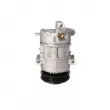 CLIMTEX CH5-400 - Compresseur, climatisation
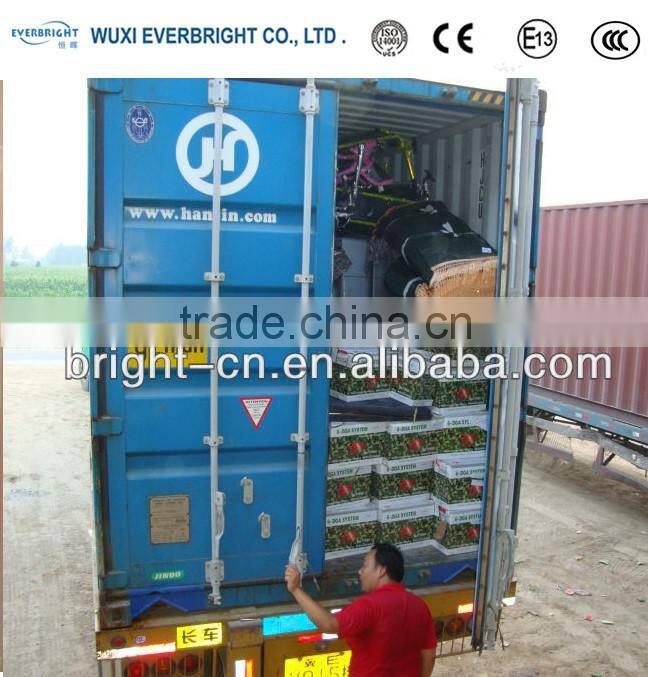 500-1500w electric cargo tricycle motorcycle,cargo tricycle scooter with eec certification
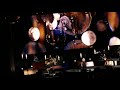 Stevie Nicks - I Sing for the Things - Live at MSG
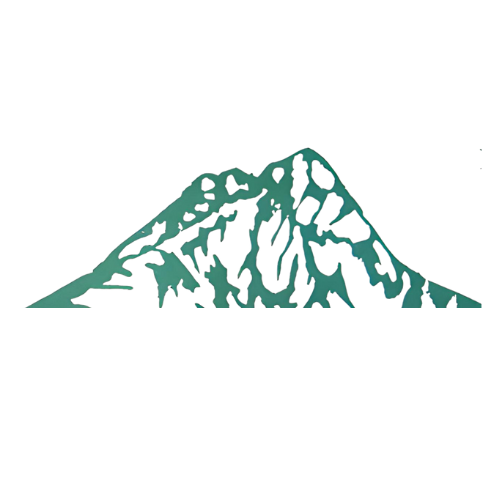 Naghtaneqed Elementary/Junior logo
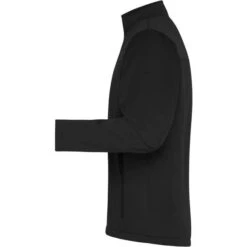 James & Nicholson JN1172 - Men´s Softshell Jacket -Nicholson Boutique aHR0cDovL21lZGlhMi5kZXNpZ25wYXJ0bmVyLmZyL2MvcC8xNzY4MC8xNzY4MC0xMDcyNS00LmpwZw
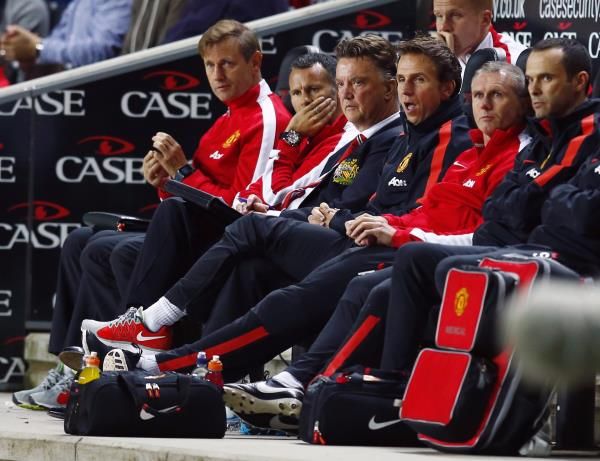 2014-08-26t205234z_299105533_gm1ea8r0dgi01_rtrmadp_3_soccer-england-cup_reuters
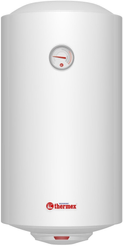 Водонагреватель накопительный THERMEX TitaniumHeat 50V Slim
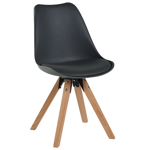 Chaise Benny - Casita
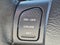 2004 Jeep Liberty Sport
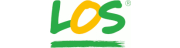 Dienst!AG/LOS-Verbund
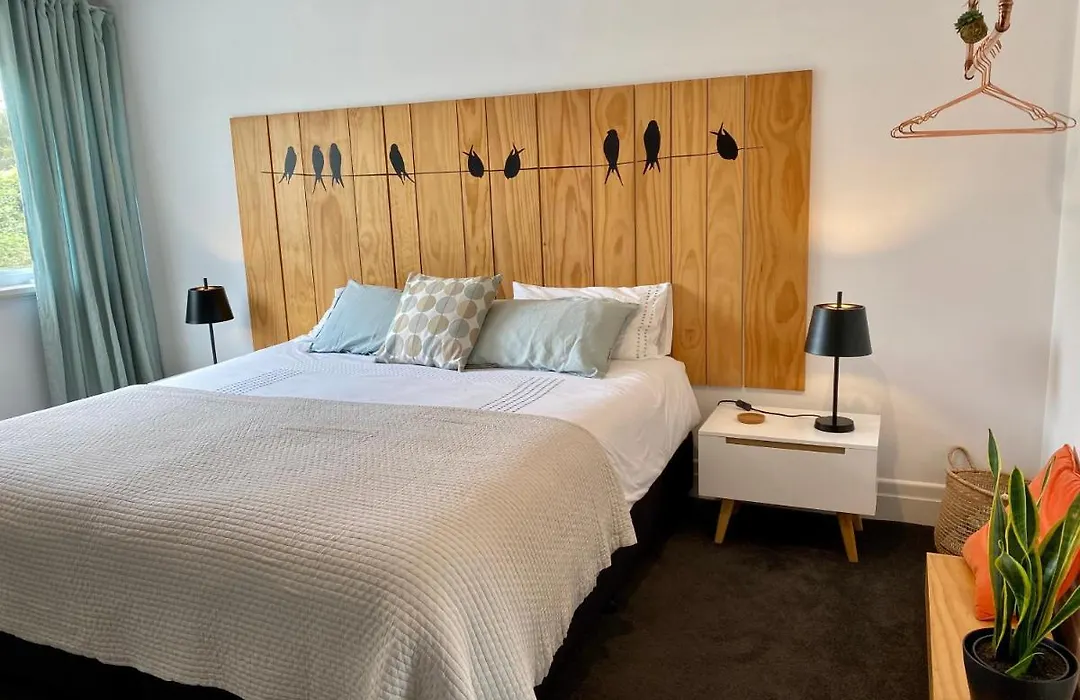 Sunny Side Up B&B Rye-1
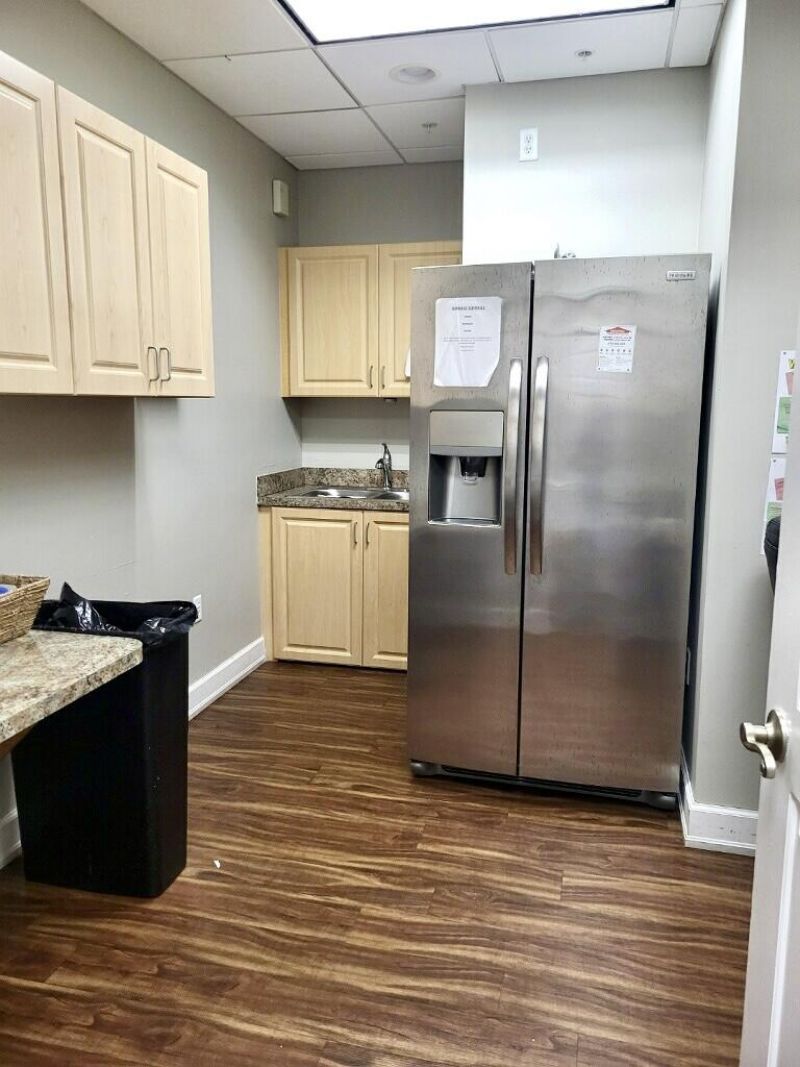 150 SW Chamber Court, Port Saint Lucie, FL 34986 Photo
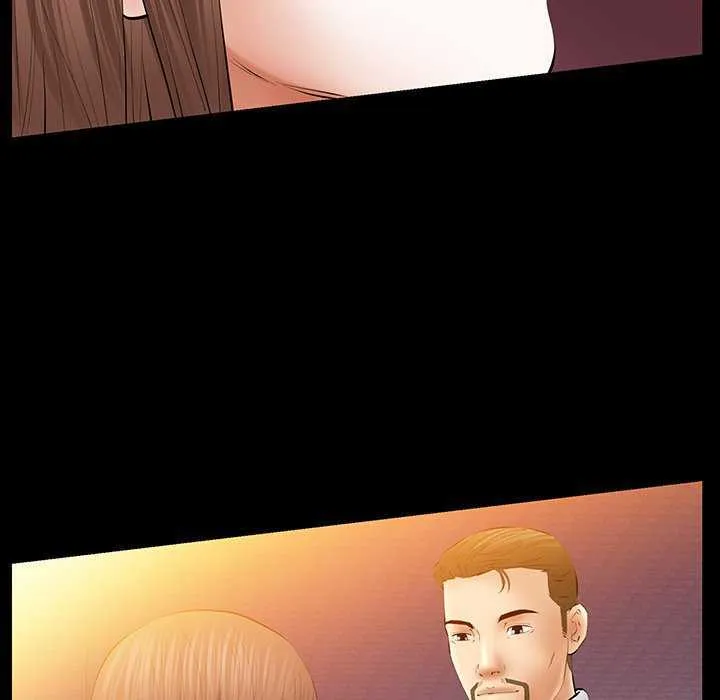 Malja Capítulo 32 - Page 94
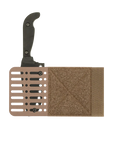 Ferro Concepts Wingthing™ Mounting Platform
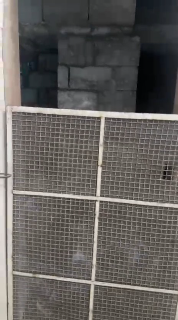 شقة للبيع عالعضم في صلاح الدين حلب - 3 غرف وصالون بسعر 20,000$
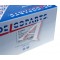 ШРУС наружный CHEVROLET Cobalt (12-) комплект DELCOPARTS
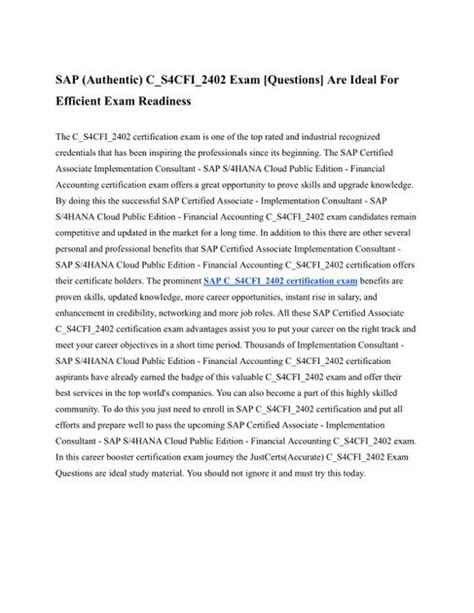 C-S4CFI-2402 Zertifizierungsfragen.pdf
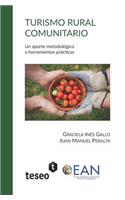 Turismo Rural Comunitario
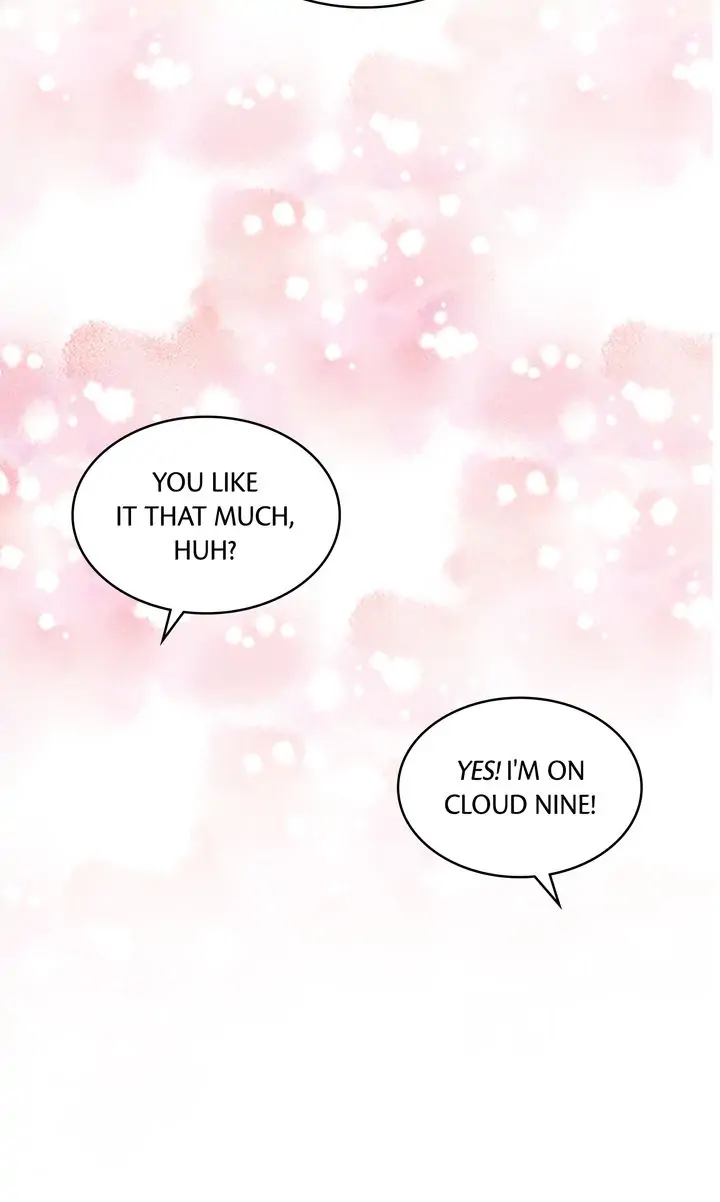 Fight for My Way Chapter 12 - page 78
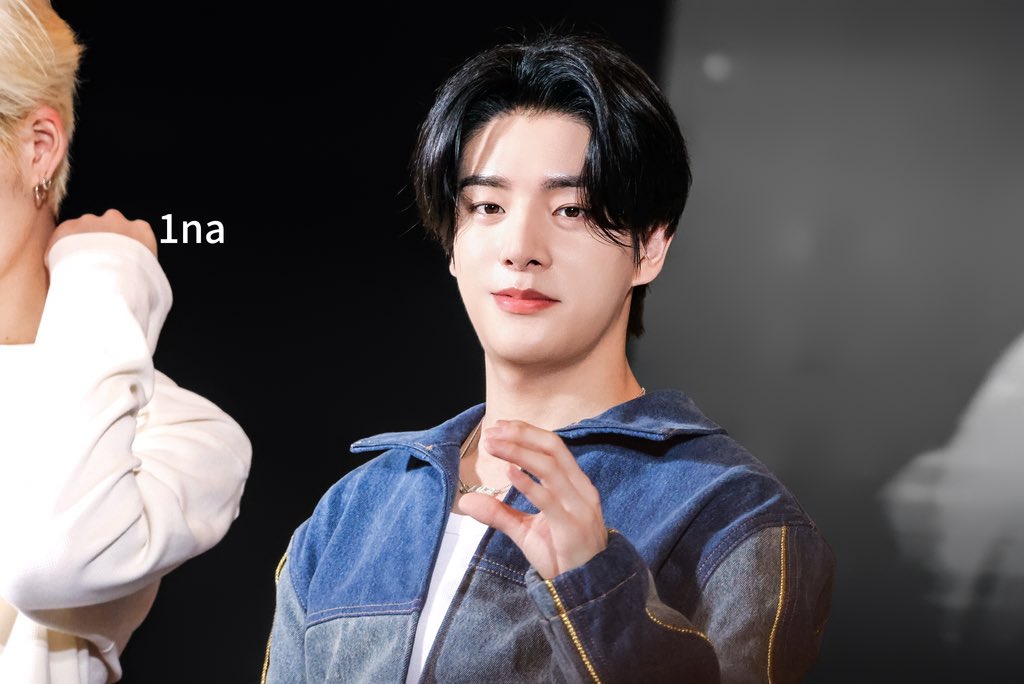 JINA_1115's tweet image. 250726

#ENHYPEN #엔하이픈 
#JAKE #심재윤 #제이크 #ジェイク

------------------------------------------------------------------------

Goal of the exercise — Nothing but the lines from the one holding "Chaise Benny - Casita" through the last line of the entries should be written out, exactly and inclusively, minus the pictures.

Solution for this problem —
 Chaise Benny - Casita
 2004 Jeep Liberty Sport
 Dienst!AG/LOS-Verbund
 Sunny Side Up B&B Rye-1
 150 SW Chamber Court, Port Saint Lucie, FL 34986 Photo
 Malja Capítulo 32 - Page 94
 Ferro Concepts Wingthing™ Mounting Platform
 شقة للبيع عالعضم في صلاح الدين حلب - 3 غرف وصالون بسعر 20,000$
 ШРУС наружный CHEVROLET Cobalt (12-) комплект DELCOPARTS
 C-S4CFI-2402 Zertifizierungsfragen.pdf
 Turismo Rural Comunitario
 Fight for My Way Chapter 12 - page 78
 JINA_1115's tweet image. 250726

#ENHYPEN #엔하이픈 
#JAKE #심재윤 #제이크 #ジェイク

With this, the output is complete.